To them it meant the welcome prospect of relief from the curse of being alive. And in anticipation of the joyful hour of death, they escaped from the charnel-house of their own memories and they fled into the desert that they might be alone with their grief and their God and nevermore look upon the reality of existence.
For some curious reason the business of reform always seems to have had a particular appeal to soldiers. They, more than all other people, have come into direct contact with the cruelty and the horrors of civilization. Furthermore they have learned that nothing can be accomplished without discipline. The greatest of all modern warriors to fight the battles of the Church was a former captain in the army of the Emperor Charles V. And the man who first gathered the spiritual stragglers into a single organization had been a private in the army of the Emperor Constantine. His name was Pachomius and he was an Egyptian. When he got through with his military service, he joined a small group of hermits who under the leadership of a certain Anthony, who hailed from his own country, had left the cities and were living peacefully among the jackals of the desert. But as the solitary life seemed to lead to all sorts of strange afflictions of the mind and caused certain very regrettable excesses of devotion which made people spend their days on the top of an old pillar or at the bottom of a deserted grave (thereby giving cause for great mirth to the pagans and serious reason for grief to the true believers) Pachomius decided to put the whole movement upon a more practical basis and in this way he became the founder of the first religious order.
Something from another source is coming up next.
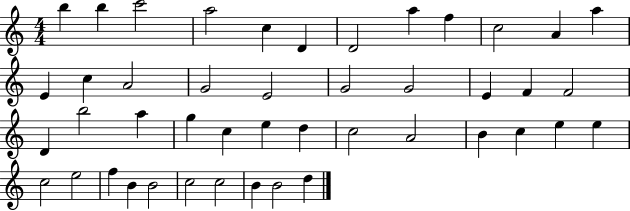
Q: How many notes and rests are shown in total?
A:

From that day on (the middle of the fourth century) hermits living together in small groups obeyed one single commander who was known as the “superior general” and who in turn appointed the abbots who were responsible for the different monasteries which they held as so many fortresses of the Lord.
Before Pachomius died in 346 his monastic idea had been carried from Egypt to Rome by the Alexandrian bishop Athanasius and thousands of people had availed themselves of this opportunity to flee the world, its wickedness and its too insistent creditors.
The climate of Europe, however, and the nature of the people made it necessary that the original plans of the founder be slightly changed. Hunger and cold were not quite so easy to bear under a wintry sky as in the valley of the Nile. Besides, the more practical western mind was disgusted rather than edified by that display of dirt and squalor which seemed to be an integral part of the Oriental ideal of holiness.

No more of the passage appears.